The stretch from the line with "Detalle de pared" through the line with "Visão parcial do" in the records below: write it out exactly, and nothing else.

**AVAILABLE RECORDS:**
-- -- --

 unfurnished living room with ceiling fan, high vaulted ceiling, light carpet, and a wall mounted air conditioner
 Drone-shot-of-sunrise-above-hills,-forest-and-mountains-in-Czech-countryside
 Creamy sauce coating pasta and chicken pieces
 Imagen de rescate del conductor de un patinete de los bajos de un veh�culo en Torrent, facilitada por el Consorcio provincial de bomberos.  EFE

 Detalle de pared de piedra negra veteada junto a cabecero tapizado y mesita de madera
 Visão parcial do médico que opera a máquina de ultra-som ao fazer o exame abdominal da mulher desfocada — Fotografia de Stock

-- -- --

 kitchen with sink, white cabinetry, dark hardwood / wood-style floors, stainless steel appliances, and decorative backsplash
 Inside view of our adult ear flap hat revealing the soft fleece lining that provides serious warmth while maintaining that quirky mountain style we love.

-- -- --

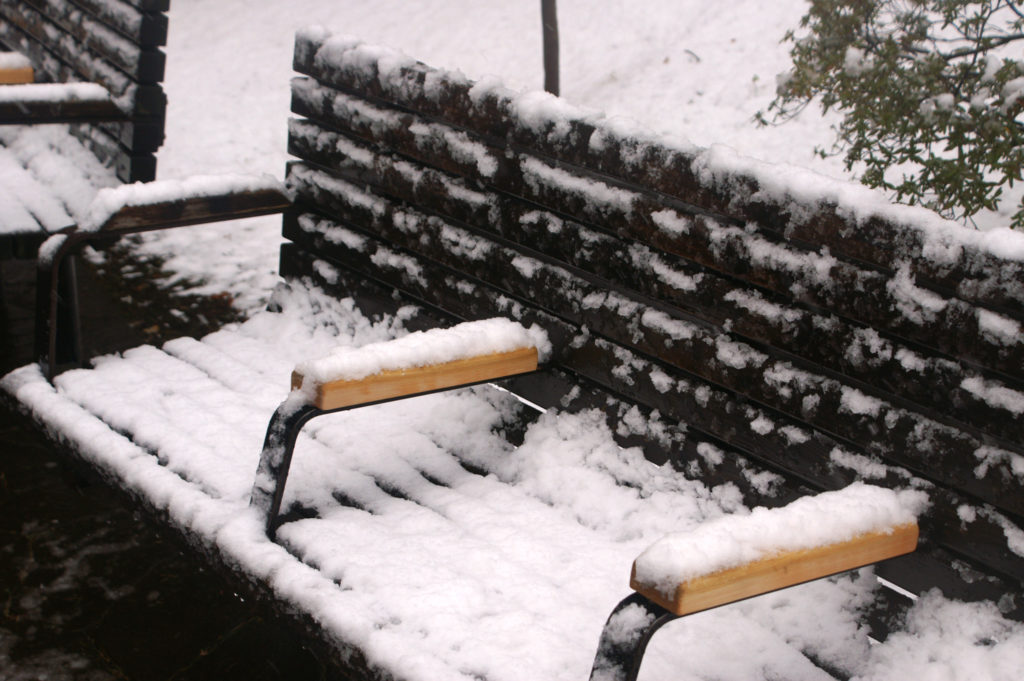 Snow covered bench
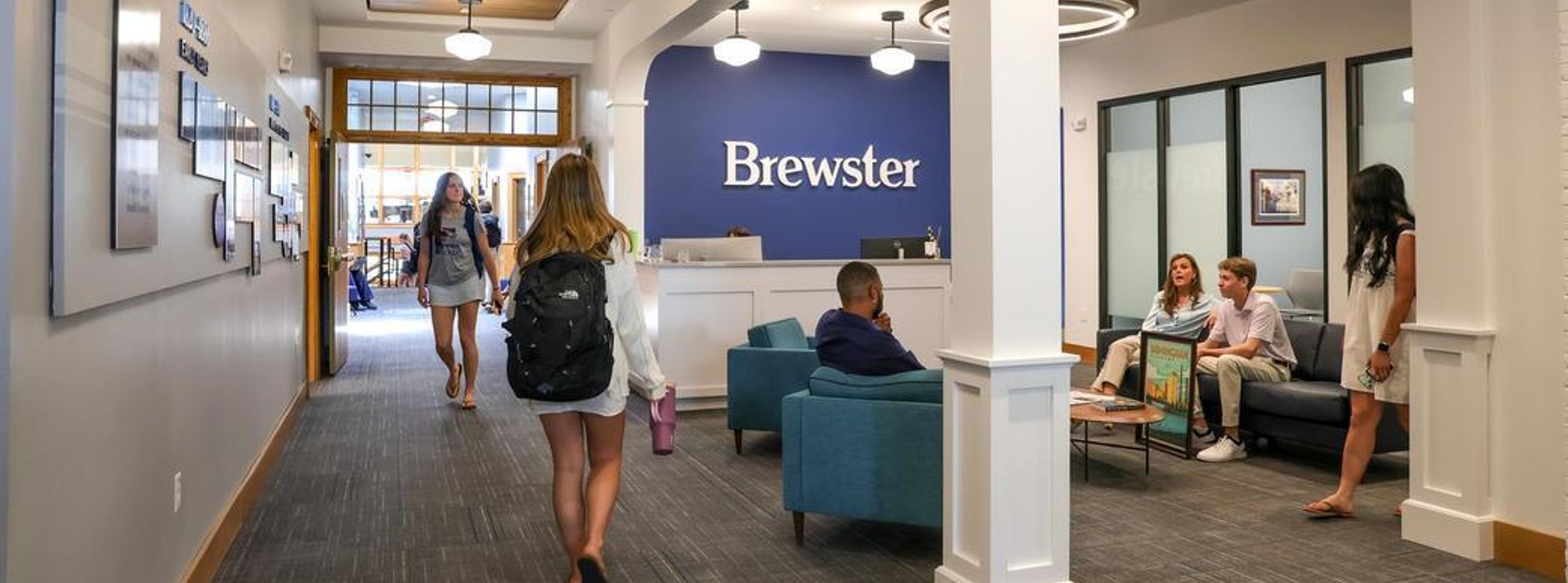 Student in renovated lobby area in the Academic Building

-- -- --

**THE ANSWER:**
 Detalle de pared de piedra negra veteada junto a cabecero tapizado y mesita de madera
 Visão parcial do médico que opera a máquina de ultra-som ao fazer o exame abdominal da mulher desfocada — Fotografia de Stock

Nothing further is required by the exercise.